Para pemain cosplay tokoh anime Naruto di World Cosplay Festival | Wikimedia

Jika anda datang ke festival budaya Jepang, yang biasa digelar di sekolah atau universitas, pasti akan bertemu dengan anak muda yang melakukan cosplay.
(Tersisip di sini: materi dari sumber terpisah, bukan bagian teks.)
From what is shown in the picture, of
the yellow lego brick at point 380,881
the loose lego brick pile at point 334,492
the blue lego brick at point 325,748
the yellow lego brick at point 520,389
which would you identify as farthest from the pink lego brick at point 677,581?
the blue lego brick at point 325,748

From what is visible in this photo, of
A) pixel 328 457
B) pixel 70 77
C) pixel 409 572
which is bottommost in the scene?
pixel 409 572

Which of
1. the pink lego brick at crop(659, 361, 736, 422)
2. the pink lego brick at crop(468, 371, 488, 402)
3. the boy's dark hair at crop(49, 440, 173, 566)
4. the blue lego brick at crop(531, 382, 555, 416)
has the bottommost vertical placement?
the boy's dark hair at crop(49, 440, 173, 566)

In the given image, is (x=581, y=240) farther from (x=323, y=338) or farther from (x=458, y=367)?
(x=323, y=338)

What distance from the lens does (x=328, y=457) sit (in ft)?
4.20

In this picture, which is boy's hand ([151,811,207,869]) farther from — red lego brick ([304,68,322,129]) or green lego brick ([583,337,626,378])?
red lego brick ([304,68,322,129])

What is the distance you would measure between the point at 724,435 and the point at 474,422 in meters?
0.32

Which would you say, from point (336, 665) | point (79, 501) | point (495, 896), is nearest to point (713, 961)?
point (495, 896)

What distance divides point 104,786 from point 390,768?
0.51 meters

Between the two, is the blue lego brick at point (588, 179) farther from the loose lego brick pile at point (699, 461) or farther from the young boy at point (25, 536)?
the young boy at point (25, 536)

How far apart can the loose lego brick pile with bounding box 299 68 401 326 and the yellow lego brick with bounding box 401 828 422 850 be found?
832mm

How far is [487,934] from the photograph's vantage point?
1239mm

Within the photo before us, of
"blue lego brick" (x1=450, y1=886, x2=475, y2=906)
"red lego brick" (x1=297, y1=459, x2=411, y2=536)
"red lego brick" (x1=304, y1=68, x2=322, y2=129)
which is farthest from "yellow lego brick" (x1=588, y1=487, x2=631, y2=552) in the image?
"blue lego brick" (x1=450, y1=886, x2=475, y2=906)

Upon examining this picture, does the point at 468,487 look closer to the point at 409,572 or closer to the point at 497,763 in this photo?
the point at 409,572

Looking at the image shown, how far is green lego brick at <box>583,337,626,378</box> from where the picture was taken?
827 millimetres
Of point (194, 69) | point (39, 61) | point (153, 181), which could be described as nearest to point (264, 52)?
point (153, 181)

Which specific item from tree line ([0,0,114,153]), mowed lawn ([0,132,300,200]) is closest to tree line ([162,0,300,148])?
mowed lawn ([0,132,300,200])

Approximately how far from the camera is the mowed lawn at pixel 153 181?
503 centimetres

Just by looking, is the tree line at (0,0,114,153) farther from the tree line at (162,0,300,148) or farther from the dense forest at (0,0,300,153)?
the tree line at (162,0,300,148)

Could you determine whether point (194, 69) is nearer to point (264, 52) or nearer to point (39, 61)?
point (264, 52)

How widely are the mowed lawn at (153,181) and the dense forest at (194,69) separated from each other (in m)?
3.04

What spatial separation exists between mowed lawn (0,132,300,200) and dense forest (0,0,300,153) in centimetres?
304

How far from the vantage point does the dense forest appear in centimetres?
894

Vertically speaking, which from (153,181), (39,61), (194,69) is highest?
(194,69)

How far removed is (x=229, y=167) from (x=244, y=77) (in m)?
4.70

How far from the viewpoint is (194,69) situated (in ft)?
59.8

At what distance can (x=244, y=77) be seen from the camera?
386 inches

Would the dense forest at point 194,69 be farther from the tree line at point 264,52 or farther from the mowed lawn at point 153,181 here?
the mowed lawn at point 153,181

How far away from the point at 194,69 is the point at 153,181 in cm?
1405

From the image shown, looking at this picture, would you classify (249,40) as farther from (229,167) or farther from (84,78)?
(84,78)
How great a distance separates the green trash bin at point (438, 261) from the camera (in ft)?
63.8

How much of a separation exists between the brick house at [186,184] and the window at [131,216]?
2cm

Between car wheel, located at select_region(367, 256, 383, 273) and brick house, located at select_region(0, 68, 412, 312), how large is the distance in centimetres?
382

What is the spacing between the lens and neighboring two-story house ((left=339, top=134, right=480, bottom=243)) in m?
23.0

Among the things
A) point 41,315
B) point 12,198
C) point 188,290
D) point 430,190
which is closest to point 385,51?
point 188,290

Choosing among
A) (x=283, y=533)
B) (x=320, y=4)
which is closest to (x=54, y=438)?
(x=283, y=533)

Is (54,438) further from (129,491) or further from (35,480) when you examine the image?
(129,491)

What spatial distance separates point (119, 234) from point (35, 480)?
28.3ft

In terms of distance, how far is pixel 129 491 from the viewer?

Nah, budaya ini berasal dari Harajuku, dan telah menyebar begitu pesat ke seluruh dunia. 

Popularitas kultur Harajuku yang telah sampai tingkat internasional telah mendatangkan keuntungan tersendiri bagi ekonomi nasional Jepang. 

Industri kreatif telah menyumbang pendapatan sebesar 44 triliun Yen (Rp 4.800 triliun), atau sekitar 6,6 persen dari total pemasukan negara.

Sebagai perbandingan, total pendapatan negara Indonesia tahun 2021 mencapai Rp 2.003 triliun. Artinya, dari industri kreatif saja, Jepang mendapatkan dua kali lipat dari pendapatan negara kita.

Hanya dari industri kreatif!

Potensi sebesar itu bisa saja didapatkan dari Citayam Fashion Week. Cuma, selama masih ada orang-orang berpikiran licik, kolot dan terbelakang, keuntungan tersebut akan sulit diwujudkan. 

Masyarakat menonton Citayam Fashion Week dengan antusias di Jakarta | Detik.com

Perlu ada keterlibatan pemerintah, desainer, dan pegiat industri kreatif agar kultur anak muda pinggiran Jakarta ini tidak hanya menjadi fenomena sesaat. Sehingga memiliki nilai ekonomis.

Berikan sosialisasi bahwa Citayam Fashion Week adalah produk budaya yang dapat membangkitkan kreatifitas generasi muda, sesuatu yang diperlukan dalam pembangunan bangsa. 

Keunikan dan kebebasan berekspresi seharusnya tidak dipandang sebagai tindakan tercela yang durhaka terhadap moralitas. 

Apakah Jepang menjadi tidak bermoral ketika fenomena Harajuku muncul? 

Tidak, dan mereka justru bisa dibilang jauh lebih bermoral dari kita. Angka korupsi rendah, budaya malu tinggi, tingkat kejahatan juga sangat minim. 

Sementara Indonesia, sebagai salah satu masyarakat paling religius di dunia, justru diwarnai oleh korupsi, aksi kriminalitas, suap pejabat sana-sini, dan segudang pelanggaran lain.

Maka dari itu, masyarakat Indonesia perlu belajar dari negara maju tentang moralitas yang sesungguhnya. Nilai-nilai moral yang tidak mengekang kebebasan berpikir dan kreativitas.